▶ Exercise instructions
The lines to return run from the start of the material below through the line holding "رعاية النباتات المنزلية", both included; please give them back exactly, minus the pictures.
----
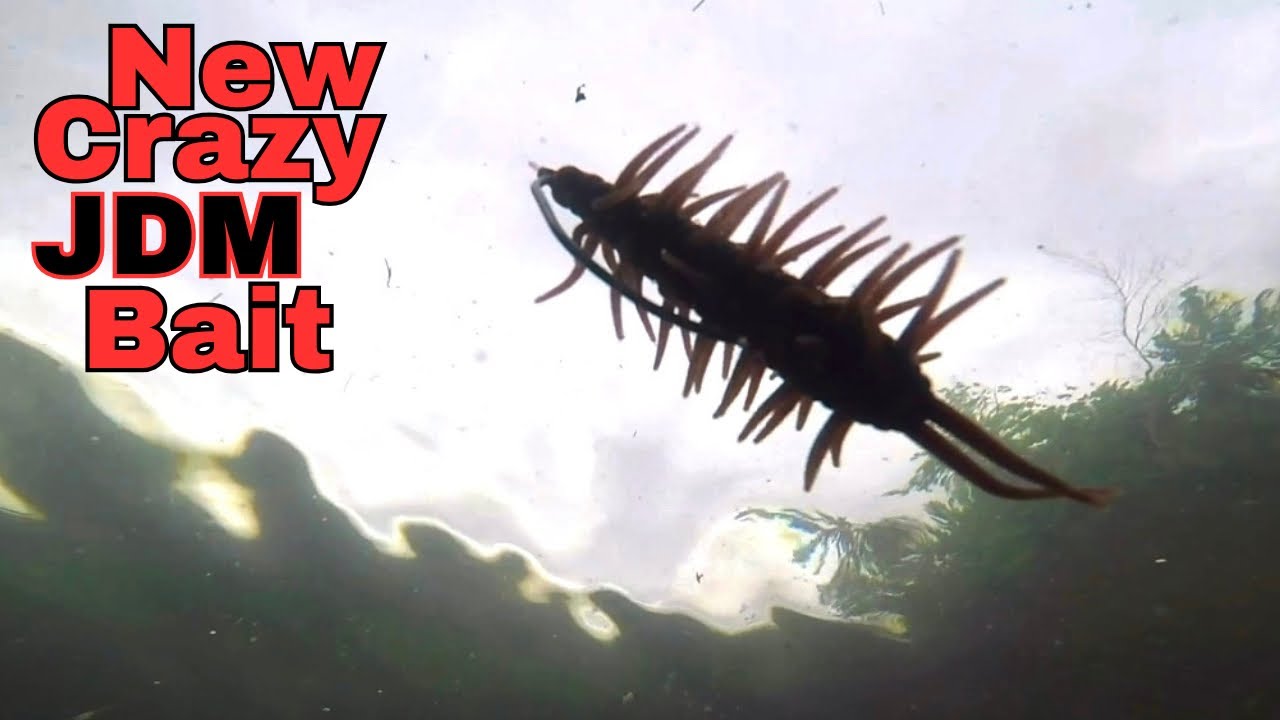 NEW JAPANESE BAIT THE HIDEUP COIKE SHRIMP EXTRA LARGE
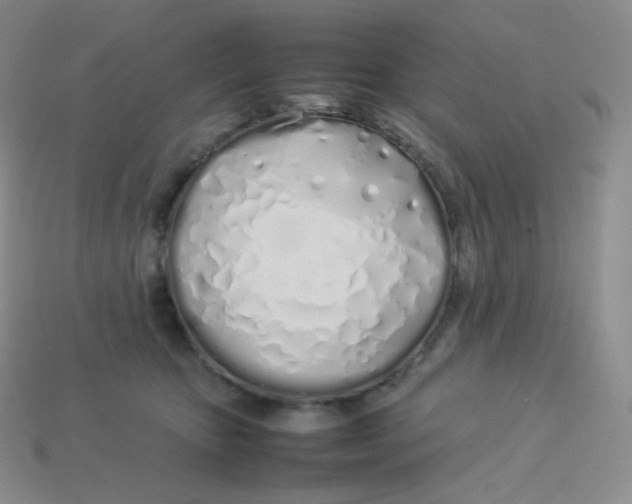 X0000113910467200910151421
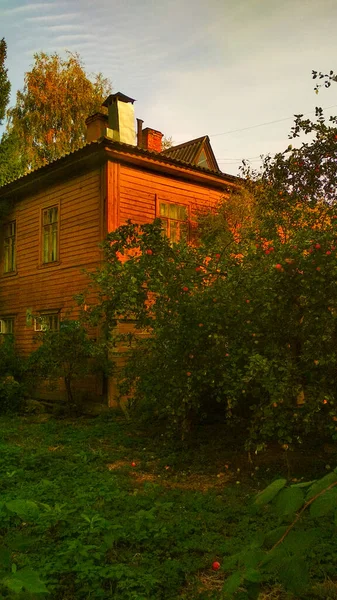 Apfelbäume Wachsen Garten Neben Dem Haus — Stockfoto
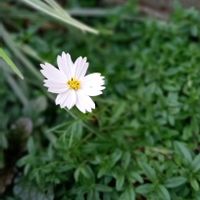 コスモスの画像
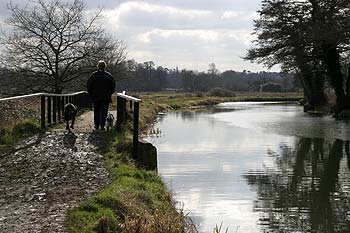 Promeneur avec chiens en bord de rivière anglaise Wey - © Norbert Pousseur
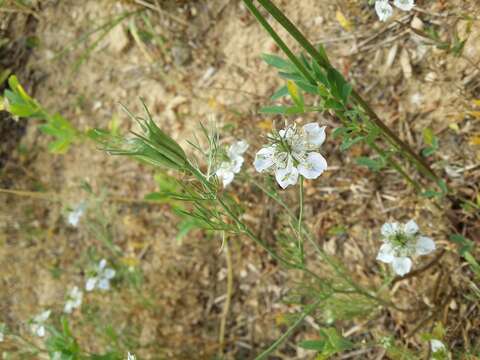 Nigella arvensis L. resmi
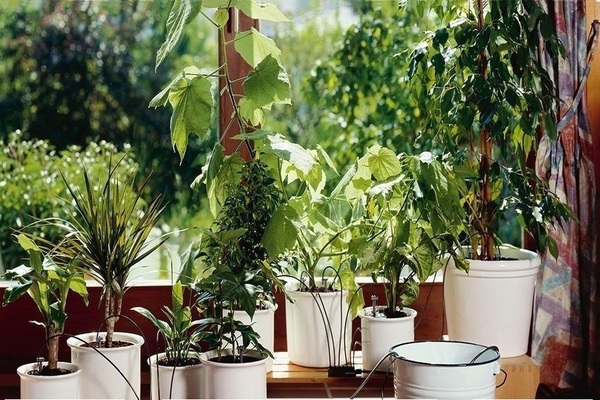 رعاية النباتات المنزلية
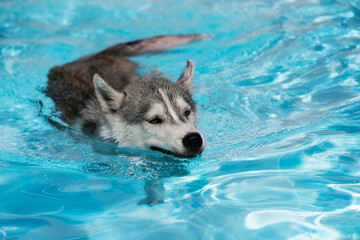 A young Siberian Husky female dog with blue eyes is swimming in a pool. She has wet grey and white fur. The water has an azure and blue color, with waves and splashes. It's a sunny summer day.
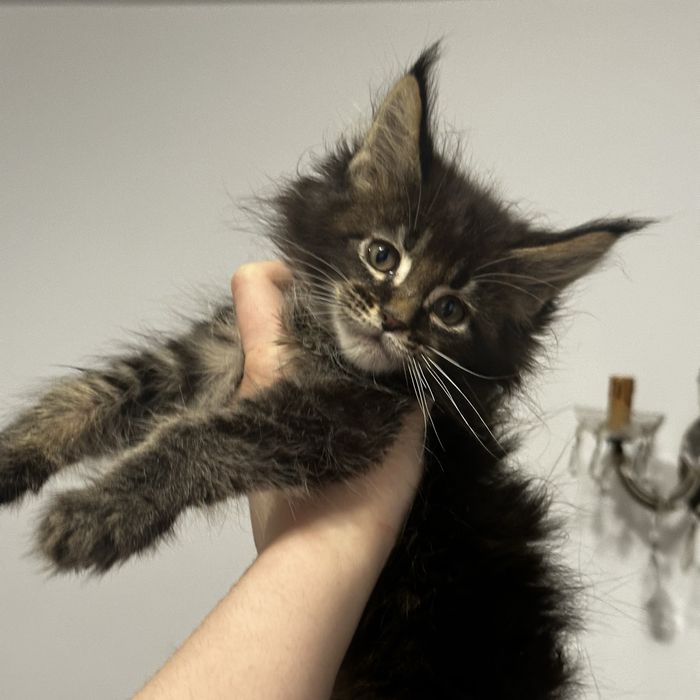 Sprzedam kotka Maine Coon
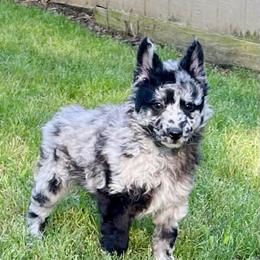 Charm - Black merle male Mudi puppy in Gladewater, Texas from Texas Mudi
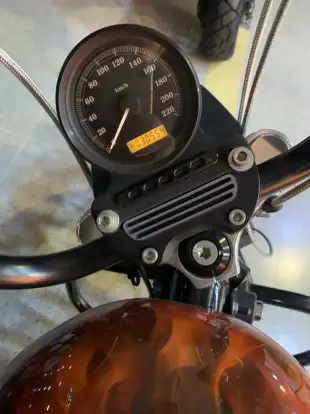 HARLEY-DAVIDSON-SPORTSTER XL 883 R-2010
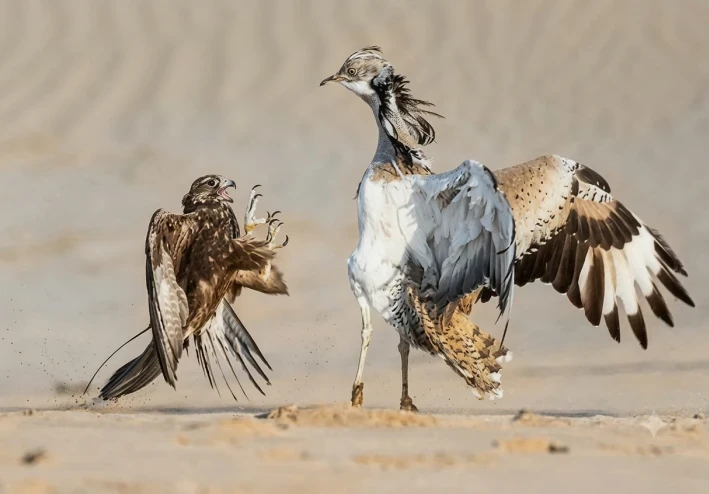 قوانين الأرض ضد قوانين الهواء.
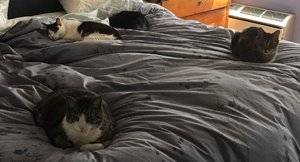 catsonbed.jpeg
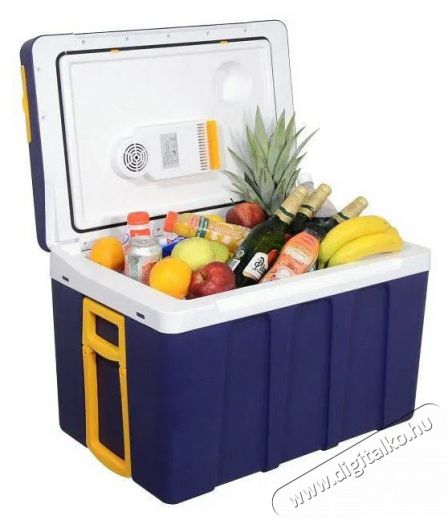 Compass 50l 230V / 12V mobil Konyhai term&eacute;kek - Hűtő, fagyaszt&oacute; (szabadon&aacute;ll&oacute;) - Fagyaszt&oacute;l&aacute;da - 523265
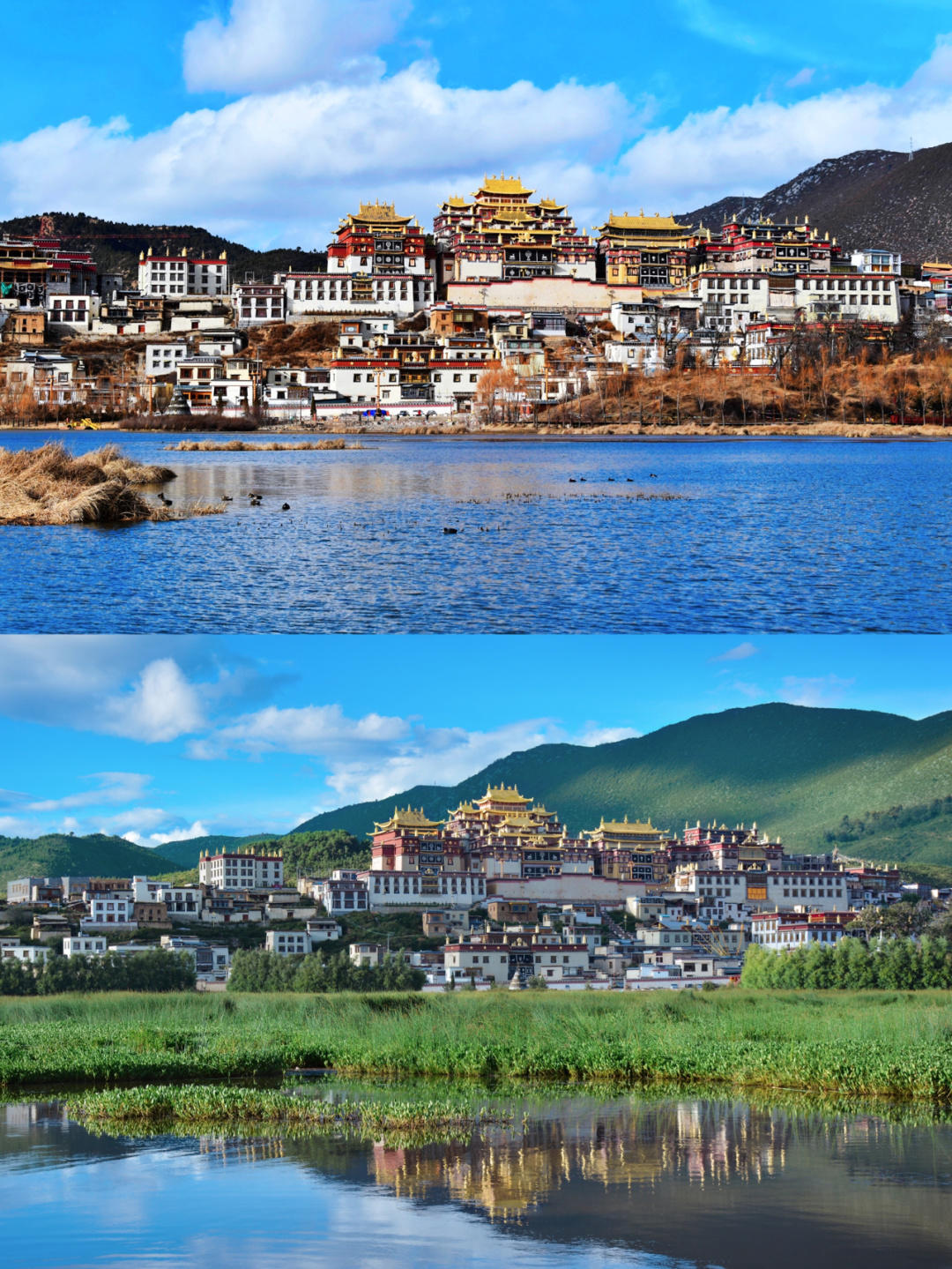 1月份云南旅游全攻略自由行,云南旅游游云南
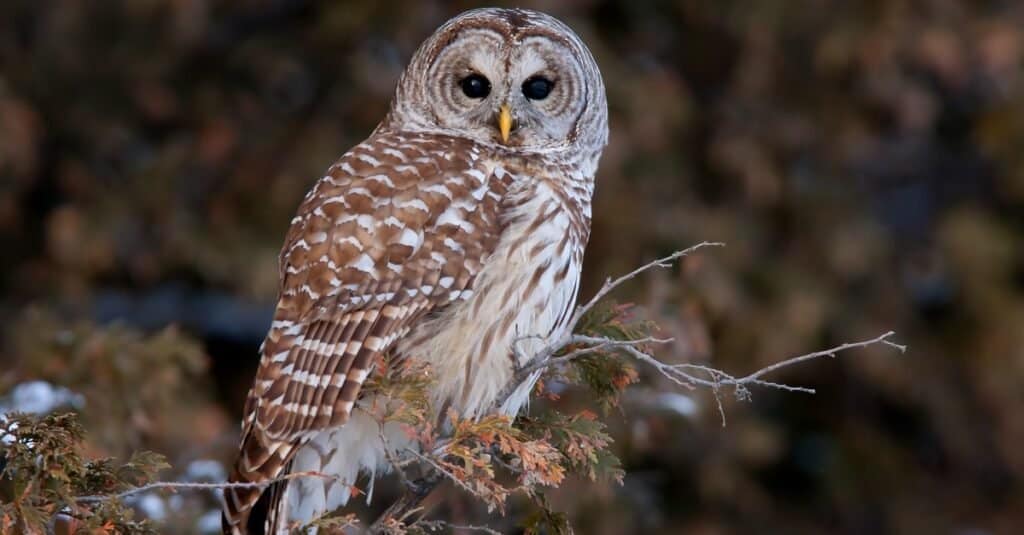 15 Owls that Live in Washington State (and Where You're Likely to See Them)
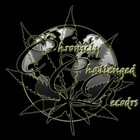 Picture for song 'WE RUN DISS' by artist 'CHRONICLY CHALLENGED RECORDS'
----
▶ Solution to this exercise
 NEW JAPANESE BAIT THE HIDEUP COIKE SHRIMP EXTRA LARGE
 X0000113910467200910151421
 Apfelbäume Wachsen Garten Neben Dem Haus — Stockfoto
 コスモスの画像
 Promeneur avec chiens en bord de rivière anglaise Wey - © Norbert Pousseur
 Nigella arvensis L. resmi
 رعاية النباتات المنزلية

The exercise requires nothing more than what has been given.